Les deux visages d’une réforme nécessaire

Le gouvernement Higgs refuse toujours de le dire clairement, mais une importante réforme de la santé sera réalisée, peut-être aussitôt que dans la prochaine année. À quel point les régions en feront-elles les frais? Cela dépend si vous croyez le premier ministre ou sa nouvelle ministre de la Santé, Dorothy Shephard.

Un mot d’abord pour souligner le cynisme du gouvernement progressiste-conservateur, qui n’a mentionné nulle part dans son programme électoral sa volonté d’imposer une réforme de la santé.

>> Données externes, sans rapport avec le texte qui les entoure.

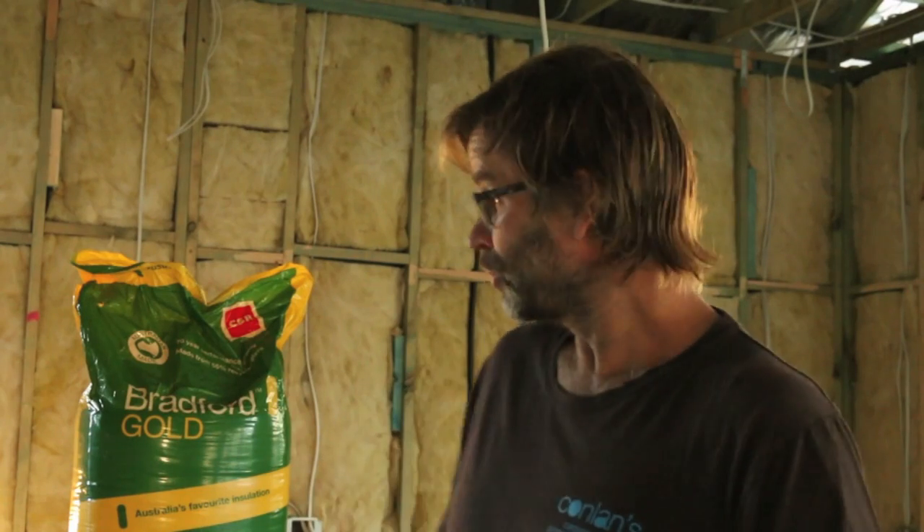Just before I go, I want to give a quick shout out to Bradford Insulation for supplying such a great product. And also to Michael Bailey from Radiance Insulation Services up here in Coffs Harbour — Michael and his team installed all these bats in half the time it would have taken me, so thanks mate, much appreciated. Hopefully after all this we'll have a very energy-efficient home. I'll leave a link to both of those companies in the description box below, so make sure you check them out.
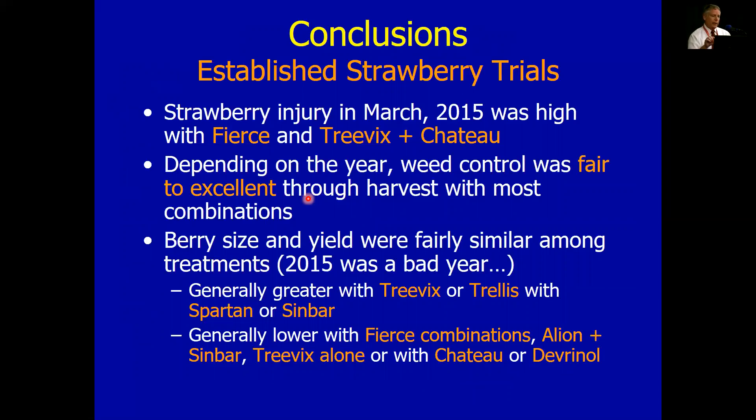Bottom line on these: strawberry injury with the new products, Fierce and Trevix, was a bit high that one year, but the other years were not bad at all. Weed control was fair to excellent. Berry size and yield were generally good, although we did see some injury with the Fierce combinations. Generally speaking, Trevix and Trellis look pretty decent, and I've got good hopes for that. Trellis should be coming available — maybe not next year, but certainly about a year after that we should see registrations for the bearing crop.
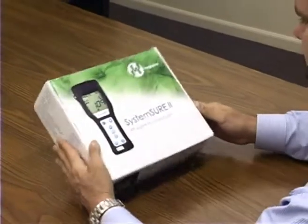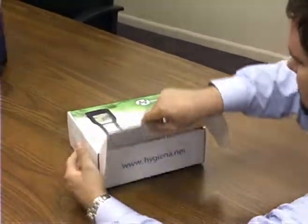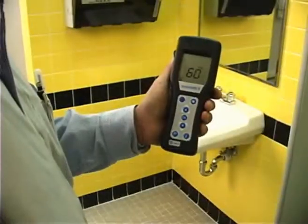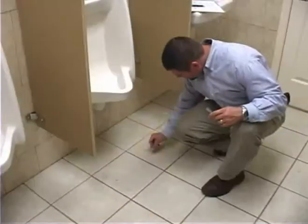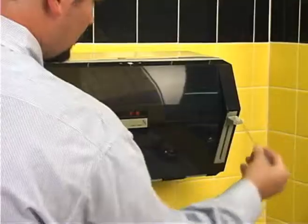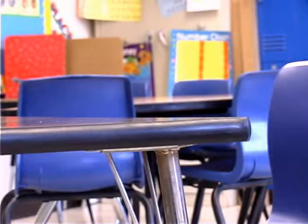Congratulations on your decision to purchase an ATP monitor from Kyvac. This handheld measurement tool is designed to rapidly measure the amount of biopollutants on virtually any surface, including floors, sink handles, toilets, dispensers, desktops, and so on.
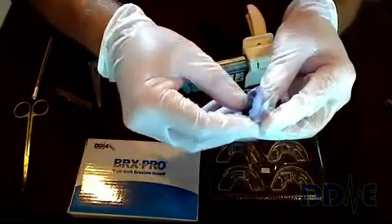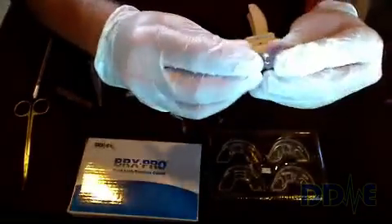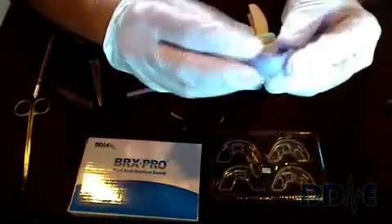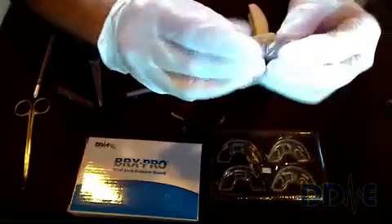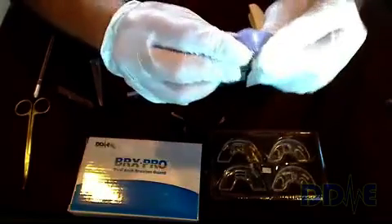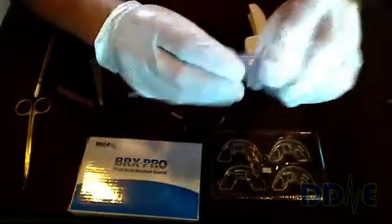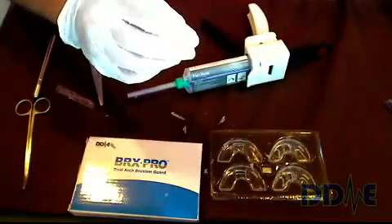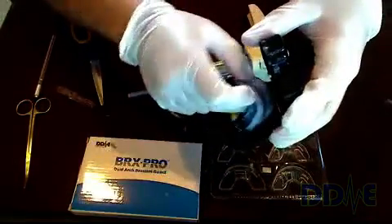Now do the same exact steps with the upper insert — roll in the front edge first, line it up, and snap it in. You actually feel it snap in. So we have our upper and our lower trays, and what we end up with is a finished appliance.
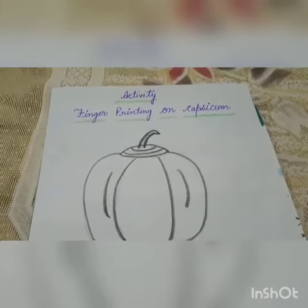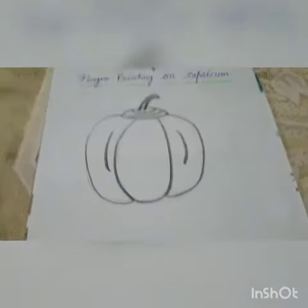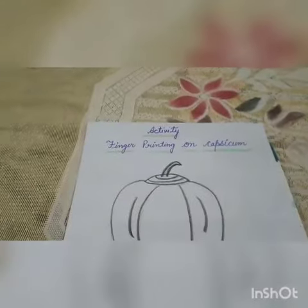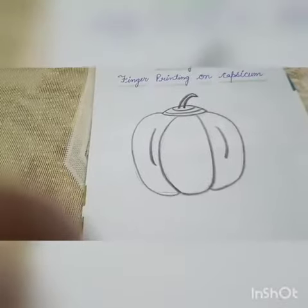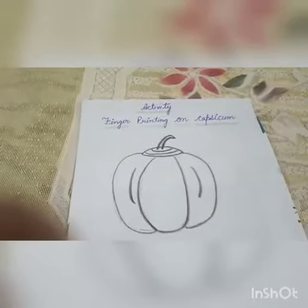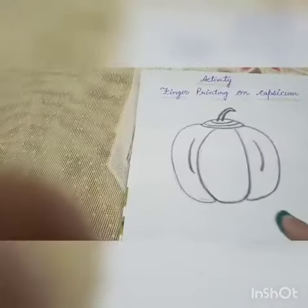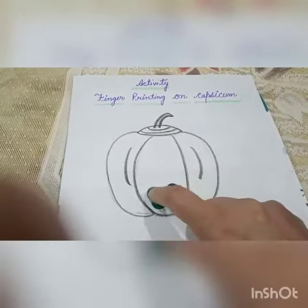So children, आज हम करेंगे finger printing activity on capsicum. इसके लिए आपको चाहिए green color और इस तरहां से एक drawing sheet. Okay, so आपको अपनी finger अच्छे से dip करना है green color में और इस तरहां से आपको finger printing करने है.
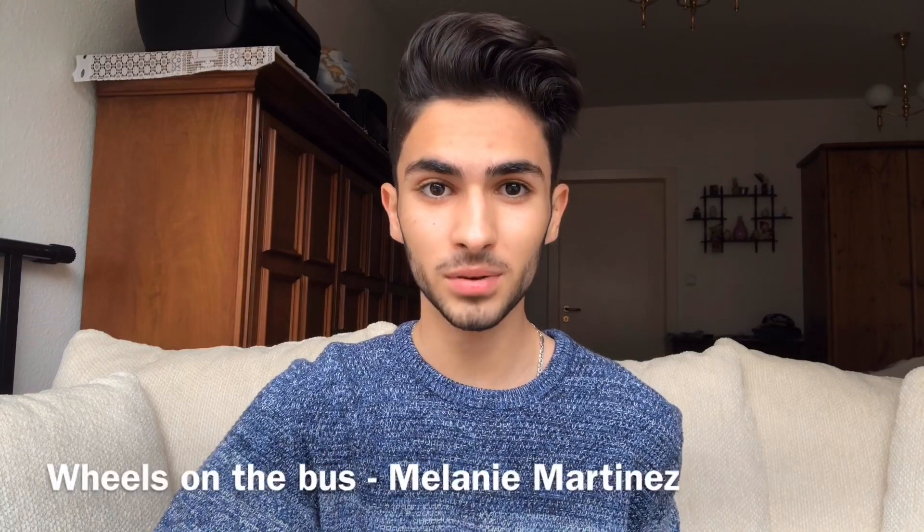Hello guys, how are you? For this video I'm going to teach you how to play Wheels on the Bus by Melanie Martinez. This song is easy to be played on the ukulele. The first thing you have to make sure is that your ukulele is tuned.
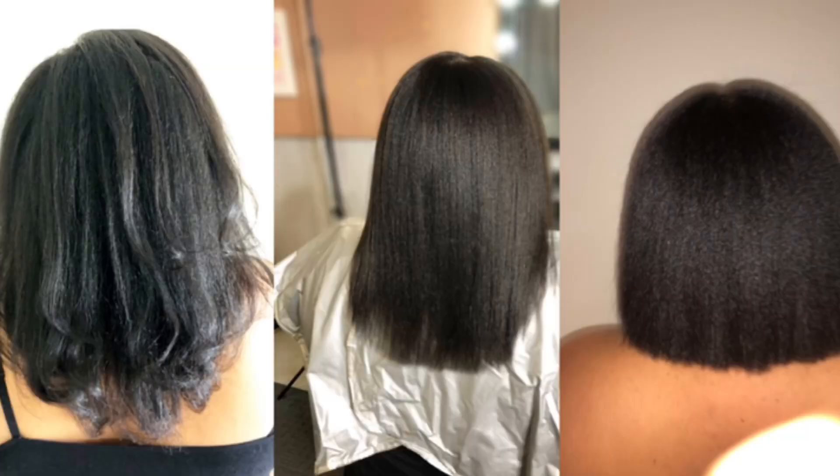Hey guys, it's a girl on the call — what's up, my divine beauties! So as you may recall, I cut my hair really short. My hair was here and now it's here, so more than half my length is gone. I was experimenting last night and I decided to put some rollers in my hair.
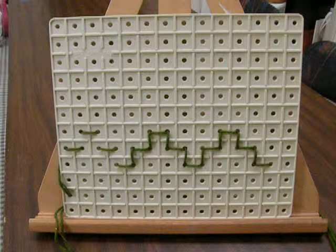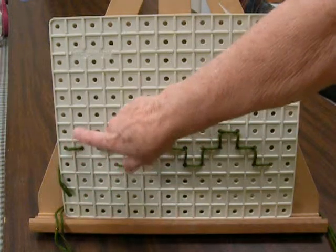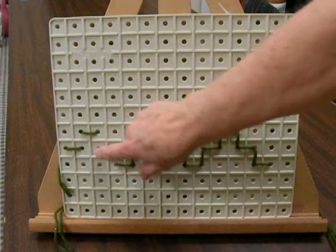This stitch is also called a running stitch. You start here, there, there, there. When you get to the end, you come back and you fill in the gaps.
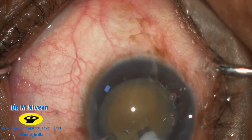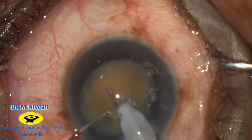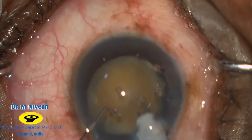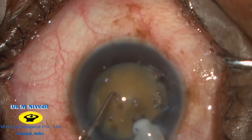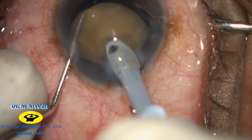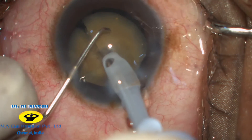In FACO-1 mode, small trenches are made in the superior part of the nucleus so that a crater-like impression is created. By burying the FACO probe into the nucleus, a terminal chop technique is performed to complete the crack.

Vous ne trouverez pas une ligne sur ce sujet, à moins d’interpréter généreusement l’engagement «Élargir l’utilisation des rendez-vous virtuels pour la santé en milieu rural» comme étant un appel à transformer le système.

Dans le discours du Trône, la semaine dernière, le gouvernement Higgs a annoncé vouloir «optimiser l’utilisation des ressources». Il s’agit là d’un terme bureaucratique qui est généralement utilisé pour parler de compressions, mais sans dire le mot.

Pour la transparence, on repassera.

Après le discours, M. Higgs a confirmé vouloir éliminer la duplication de services.

Il a toutefois refusé de répondre aux questions de l’opposition qui veut savoir si, à ses yeux, les urgences de Caraquet, de Grand-Sault et de Sainte-Anne-de-Kent, pour ne nommer que celles-là, sont considérées comme étant de la duplication. Même absence de réponse à savoir s’il croit que les services d’oncologie du CHU Dr-Georges-L.-Dumont et de l’un des deux hôpitaux de Saint-Jean sont des dédoublements.

Ces questions sont pourtant légitimes.

Toujours dans le fameux programme électoral qui n’en est pas un, les progressistes-conservateurs se donnent comme mission de réduire les listes d’attente pour l’arthroplastie. Or, cela s’est fait en centralisant les chirurgies de la hanche et du genou à l’Hôpital St. Joseph de Saint-Jean.

Ajoutez à cela que le premier ministre a vanté «l’excellent système d’autoroutes de la province» et a soutenu «qu’on devrait l’utiliser pour que les services puissent être offerts de n’importe où», et cela nous amène à nous interroger si le «plan secret» (pour citer l’opposition) du gouvernement Higgs n’est pas de rapatrier le plus grand nombre de services de santé possible dans la cité portuaire, bien loin des communautés francophones du Nord.

Cette déclaration sur les autoroutes démontre par ailleurs une nouvelle fois la méconnaissance et le désintérêt de M. Higgs à l’égard des régions rurales. Ayant passé la majeure partie de sa vie dans la région immédiate de Saint-Jean, M. Higgs n’a sans doute jamais dû voyager bien loin afin d’avoir accès à des soins de qualité pour sa famille et lui.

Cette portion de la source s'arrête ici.